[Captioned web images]
---------------

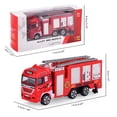 thumbnail image 4 of Toystoory Niños camión vehículo inercia juguete fuego rescate coche niño juguete para niños juguete educativo regalo de Navidad Kits de decoración para fiestas Numero 3 Toystoory HA046823-03, 4 of 6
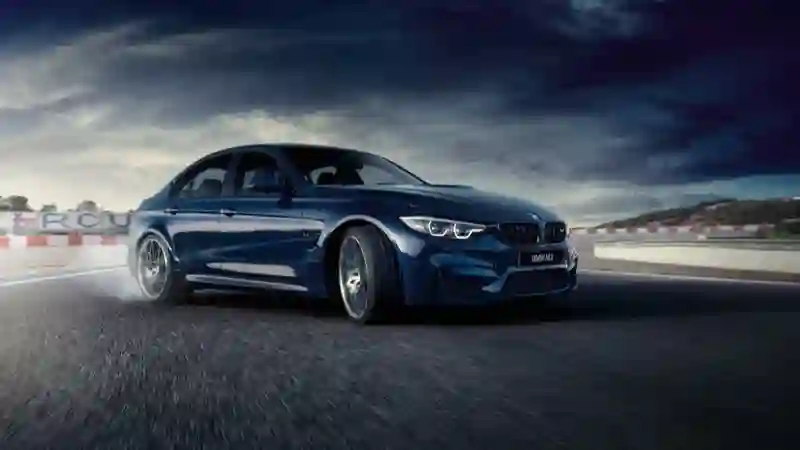 МОЩНЫЙ СТАРТ. BMW M3/M4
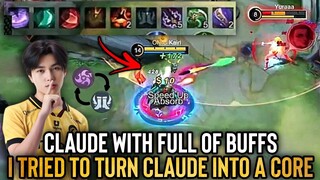 I TRIED TO TURN CLAUDE INTO A JUNGLE WITH FULL OF BUFFS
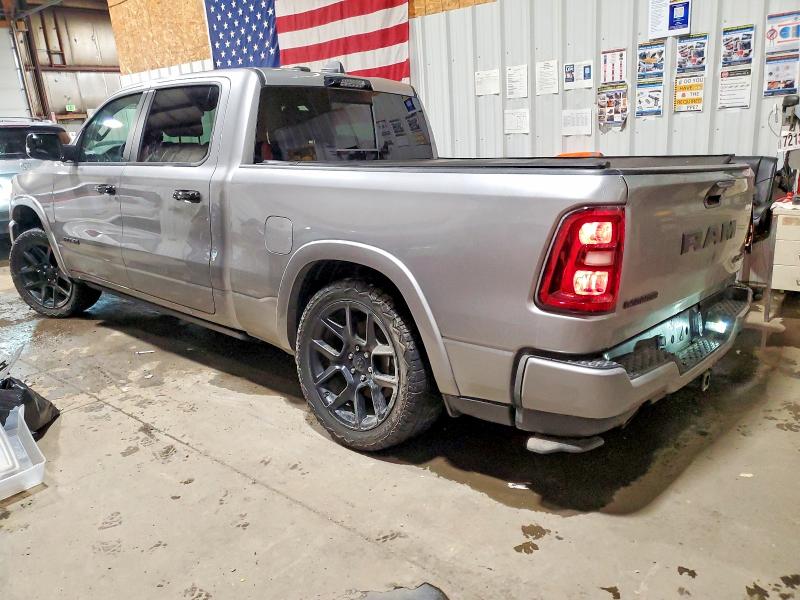 Photo 2 from auction – 2025 RAM 1500 with VIN 1C6SRFRP2SN598073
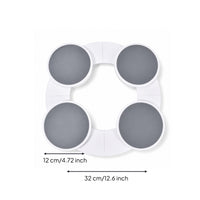 Rotating Tray Rack Anti-Skid Turntable Tray Turntable for Dining Room, Families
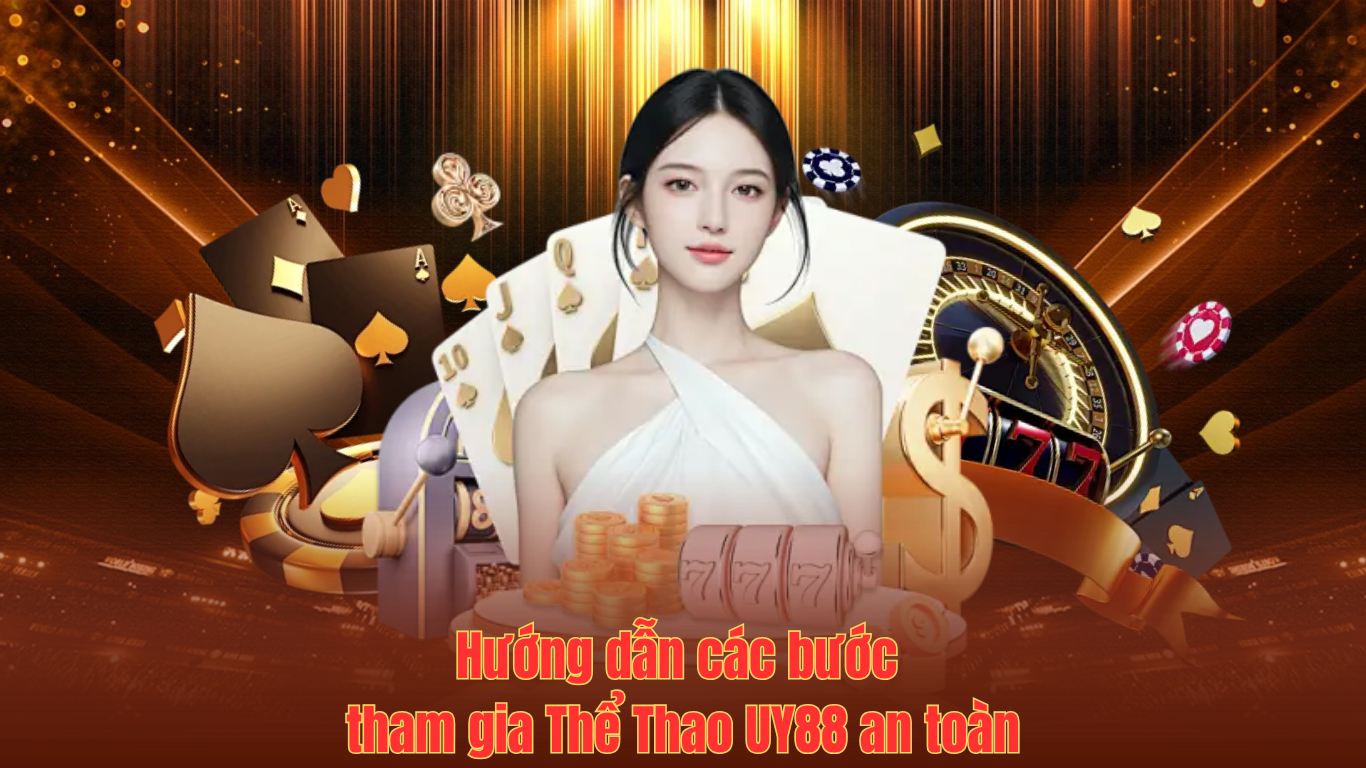Hướng dẫn các bước tham gia Thể Thao UY88 an toàn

---------------

__Aim of the task__
Only the lines from the one holding "МОЩНЫЙ СТАРТ. BMW M3/M4" through the end of the records belong in the answer, copied exactly and without pictures.

__Written answer__
 МОЩНЫЙ СТАРТ. BMW M3/M4
 I TRIED TO TURN CLAUDE INTO A JUNGLE WITH FULL OF BUFFS
 Photo 2 from auction – 2025 RAM 1500 with VIN 1C6SRFRP2SN598073
 Rotating Tray Rack Anti-Skid Turntable Tray Turntable for Dining Room, Families
Hướng dẫn các bước tham gia Thể Thao UY88 an toàn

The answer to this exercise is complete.